Because this type of "unlimited find" is a little different under-the-hood, we've put the functionality into a new $pages->findMany() method, rather than making the $pages->find() method perform it. The findMany() method works exactly the same way as the find() method except that it returns a PageArray containing pages that aren't actually loaded yet.

Pages returned from findMany() don't actually load until you iterate them or access some property from them. When you do iterate them, like with a foreach(), it loads (and unloads) them in groups of about 1000 pages at a time. Though these technical details are completely hidden from view. You can go about using $pages->findMany() the same way as you would $pages->find(), and simply not worry about the quantity.

How $pages->findMany() differs from $pages->find()

While these two methods may work exactly the same from the API perspective, they are fundamentally different in terms of what they do behind the scenes. For most page finding operations, you'll still want to use $pages->find(), because it's technically more efficient for most of the cases you would encounter in developing a website. But if you are dealing with potentially large quantities, and you don't want to place limits on the quantity of returned results, look no further than $pages->findMany().

Down the road, I'd like to find a way for ProcessWire to auto-detect which type of find operation would best suit the case, and automatically choose which method to use, leaving you with just needing to use only $pages->find().

Where would you use something like this?

One of the likely use cases is when you need to perform some calculation on a huge amount of pages. Like if you had several thousand pages representing orders from a store, and needed to add up the total revenue brought in by all of them. Another case might be generating a site map for a really large site. Yet another case might be performing large data imports. The sky is the limit, this opens up so much new potential.

Testing things out

Locally, most of the testing was done on a site with a little over 21k pages, and it worked beautifully. The actual find operation that retrieved most of those 21k pages executed in less than one second. That's a lot of pages in very little time! If you tried to do that with a $pages->find(), you would have waited for awhile and then ran out of memory.

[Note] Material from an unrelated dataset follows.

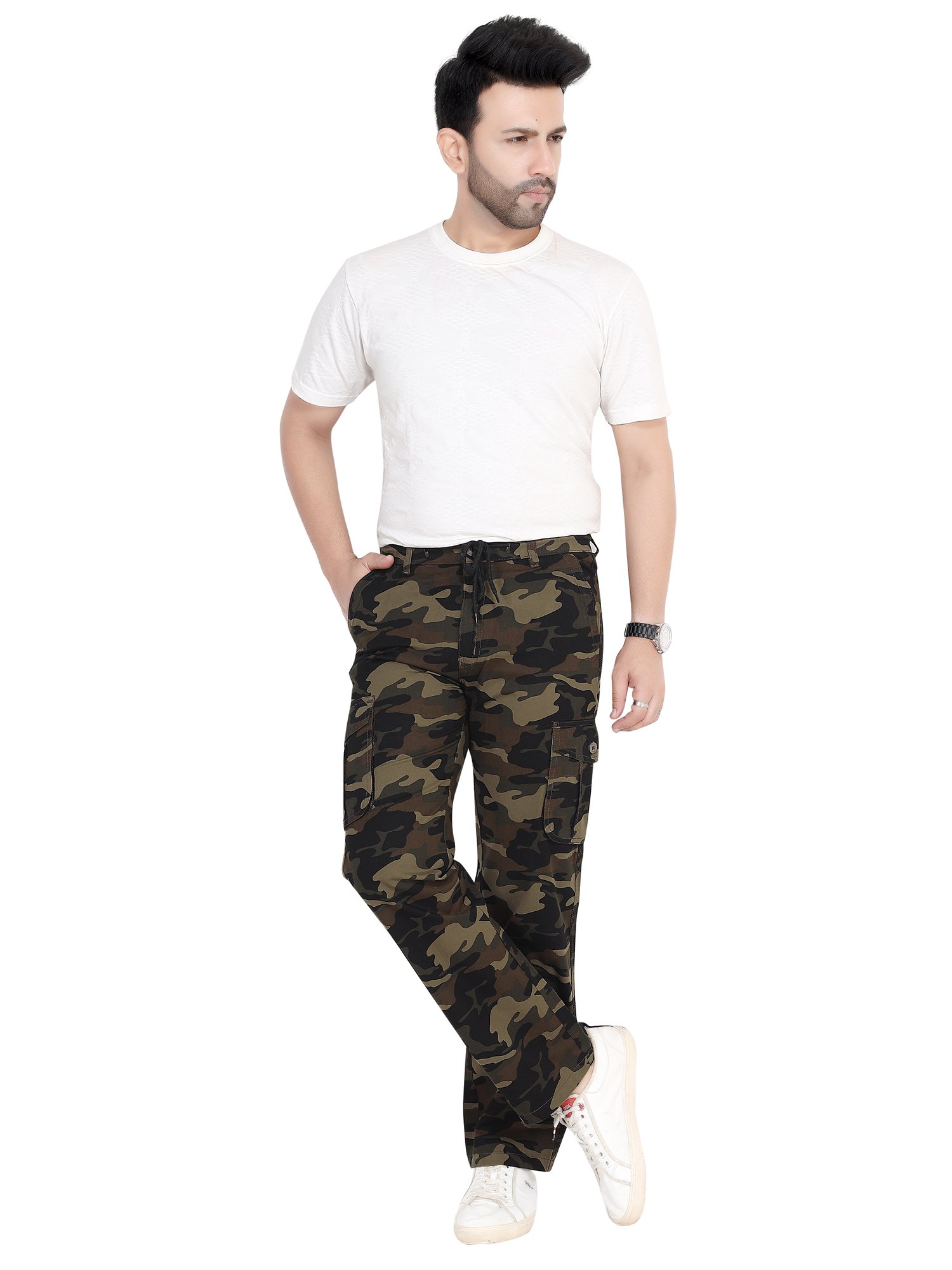 Men’s Cotton Camouflage Baggy Cargo Pants | Multi-Pocket Utility Trousers | Stylish Camo Military Work Wear for Outdoor, Travel & Casual Use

Finding pages and iterating them are two different things. Pages are loaded in groups as you iterate them, so if you really do need to iterate tens of thousands, or hundreds of thousands of pages, you should still plan on that taking some time. In my test case, while it took less than a second to find 21k pages, it took a good 15 seconds to render those 21k pages "name" field into the output of a website, and there's probably no getting around that. Meaning, if you are using a findMany() to render a giant sitemap, you'll probably still want to cache the output.

I haven't actually bumped the ProcessWire version up to 3.0.19 just yet, as I want to have the folks at Avoine double check that our adaption of their idea and code continues to work as intended in their really large data sets. But once that's confirmed, you'll see the version bumped up. Though if you want to try out this feature now, it is available for download in the latest commits to 3.0.18.

The new $pages->findMany() capability is a seemingly magic, mind blowing upgrade to our API. Huge thanks to Avoine for this.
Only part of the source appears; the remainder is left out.